Now after almost a year of experimenting with its new restaurant identity, Nutmeg & Clove is launching The Experiential Dinner Series, starting with two one-night-only pairing dinners in collaboration with The Glenfiddich. The first, “The Distillery Dinner Experience”, is happening on 23 November 2021, and you’d be hard-pressed to find a more harmonious whisky pairing experience this season — even if chef Lucas Ding’s idea of adding a Singaporean twist to traditional Scottish dishes does sound faintly ludicrous. Fortunately, it works.
After a tall, bracing welcome drink in the form of a Glenfiddich 12 YO highball, the experience begins with Prawn & Fish Crackers with Spiced Cheese Dip. Instead of chips and Cheez Whiz, you get prawn and fish keropok. Ding had them brought in from Kelantan for their saltier style, a strategy almost certainly devised to have diners reaching frequently for the paired Teh Halia cocktail (Glenfiddich 12 YO, ginger, chamomile tea cordial, London Essence Soda). The cheese dip, for all its fun, spicy kick, can be ignored for its overpowering flavour and glue-like consistency.
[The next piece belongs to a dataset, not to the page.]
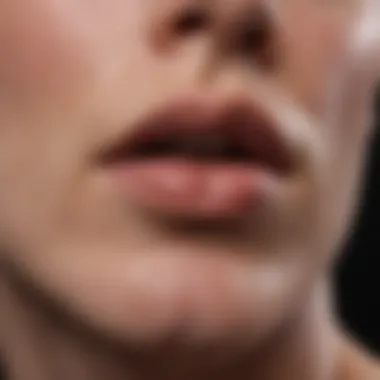 Close-up of inflamed zit on the lip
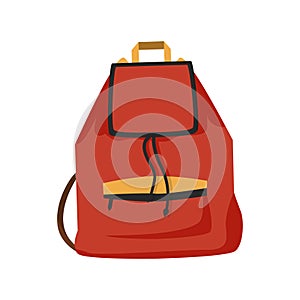 Vector illustration of a red school backpack. Knapsack for books and textbooks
The rest of the menu is where it gets really interesting. Spanish Mackerel (better known as batang around these parts) is battered and dunked into a creamy, sweet-sour-spicy Assam Cream Stew, inspired by cullen skink, a traditional Scottish fish chowder. Think assam pedas but thickened with coconut milk. The stew’s delicate sweetness is a fine match for the The Glenfiddich’s best-selling expression, the 12 YO, often praised for its pear and apple notes, and short and sharp lifts of vanilla.
The 15 YO’s spicy nose and noticeable bite gets tempered by the luscious fat from Singaporean Scotch Eggs. Inspired by Chinese minced pork dishes, the meat that encases the eggs (which all have yolks of perfect jamminess) is seasoned with ginger, scallions and five spice for a surprising hit of nostalgia. The Spatchcocked Organic Spring Chicken with potatoes, grilled vegetable salad and couscous is serviceable, but its accompanying cocktail, the Hay Longan!, is a triumphant combo of whisky, smoked hay, longan, clarified milk and red wine.
The dinner concludes with the Poached Pear Tartlet and Nutmeg & Clove Ice Cream — a slight misnomer since the latter comes from neighbouring Tom’s Palette. Not that it matters, because the combination of toasted coconut ice cream and poached pears is gut-wrenchingly glorious. Add to that the powerfully oaky 18 YO and you have a dessert that proves how pairing whisky with sweets is not only possible, but encouraged.
Those who want to sample more of Nutmeg & Clove’s true strength — mixology — will enjoy “The Modern Glenfiddich Experience”. Taking place on 7 December 2021, the six courses by guest chef Singaporean Tryson Quek (of bar and restaurant Mu: in Taiwan) will be paired with five cocktails and two drams of whisky.